Chapitre LXXXVIII
Car, comme je l’ai dit, le don le plus grand qu’Antoine avait reçu de Dieu en récompense de sa vie si austère qu’il passait à son service, a été le discernement des esprits. Il connaissait tous les mouvements des démons, tous leurs desseins et toutes leurs attaques. Et non seulement il ne se laissait pas tromper par eux, mais il consolait par ses discours tous ceux qui en étaient tourmentés et il leur enseignait comment les surmonter leurs efforts et rendre leurs embûches inutiles, en faisant connaître leur faiblesse et leurs tromperies.
Ainsi chacun, en se séparant de lui, se sentait fortifié, comme par une huile céleste, si bien qu’il ne craignait plus les assauts du diable ni de ses démons.
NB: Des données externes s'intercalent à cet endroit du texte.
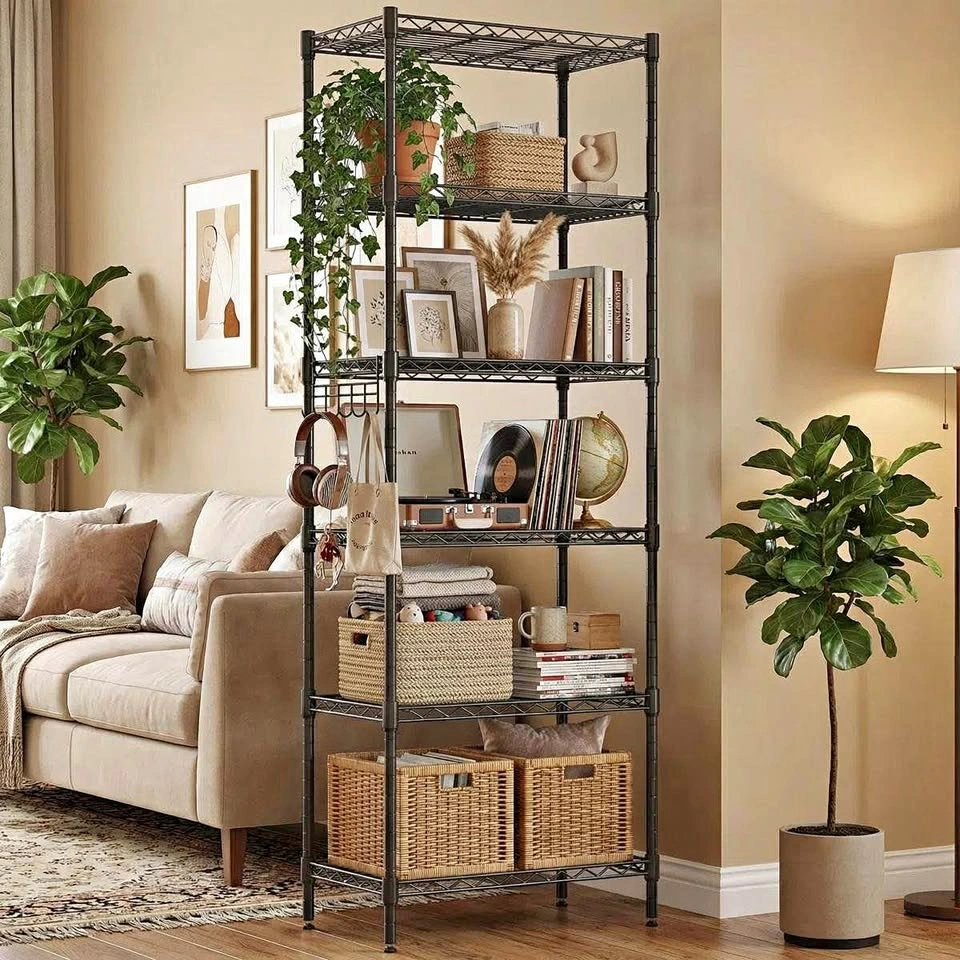 Augustine 6-Shelf Adjustable Storage Shelving Unit - Black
Combien de vierges promises en mariage, simplement parce qu’elles avaient vu Antoine, ont pas consacré leur virginité à Jésus-Christ ? Plusieurs, venues le voir de provinces éloignées, ne sont-elles pas reparties, comme les autres, avec beaucoup de consolation et de profit ? Et tous, généralement, se dirent orphelins après sa mort, comme s’il avait été leur père commun. Ils n’avaient d’autre consolation que de se souvenir de lui et de penser aux instructions qu’il leur avait données et aux exhortations qu’il leur avait faites.